Owl calls aren’t the only locators that can make a turkey shock gobble, but they might be the most versatile. Hook’s Hoot’n Stick is no exception. This call combines everything you want in a locator call: it’s durable, easy to use, and produces super realistic owl sounds. Plus, it comes in a gorgeous burned osage option, but Hook’s only makes 50 of these per year. If you’re not one of the lucky 50 people to score this call or you prefer a crow call, the Woodhaven Real Crow is another great option.

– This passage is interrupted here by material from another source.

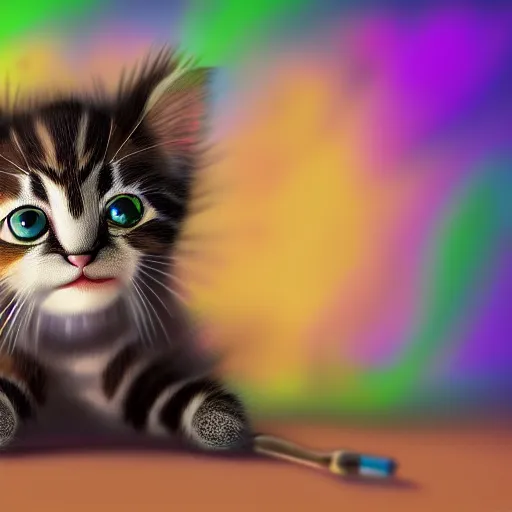 Prompt: a cute kitten streaming on twitch with microphone, digital art, very detailed 4k by Pixar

Best Crow Call: WoodHaven Real Crow



Key Features

  • Birch barrel
  • Loud volume
  • Realistic tones


  • Sounds much better and more realistic than plastic crow calls.


  • Spendy

In my opinion, the crow call should be used as last resort while turkey hunting. If you’re having trouble striking a tom, blasting a loud, aggressive “Caw! Caw! Caw!” just might produce a shock gobble. Once you’ve located the gobbler, you can then move closer and try to call him in with hen calls. If you’re going to use a crow call, you should opt for a quality option like Woodhaven’s Real Crow. This is a wooden call, and the birch barrel gives its richer, more realistic tones than you get out of the cheaper plastic calls. The call comes already tuned, so the only thing you need to do is add air. But  remember, so many hunters overuse crow calls, especially on public lands. Bust this call out sparingly to maximize its effectiveness. —Alex Robinson

How to Choose a Turkey Call

An old cliché holds that the best turkey call is the one that brings a gobbler to the gun. There’s a lot of truth in that. Run properly, any decent call can lure a longbeard to your setup if that bird is in the right mood. However, you never know what sound or even specific vocalizations will work during a hunt, which is why it’s important to have a variety of options. But if you’re a new turkey hunter, a push-button or box might be the best place to start. Either of those are easy to use and make great turkey sounds. If you want a hands free or minimalist approach, buy a multi pack of mouth calls and see which ones you feel confident running. While mouth calls require more practice than other types, you can easily use them when a turkey is in sight with your gun at the ready.  

Start with a few calls that you feel confident running and that can produce a basic yelp. There have been countless turkeys killed with that sound alone, but as you practice and expand your turkey vocabulary, you’ll find the best turkey calls for your specific situation. 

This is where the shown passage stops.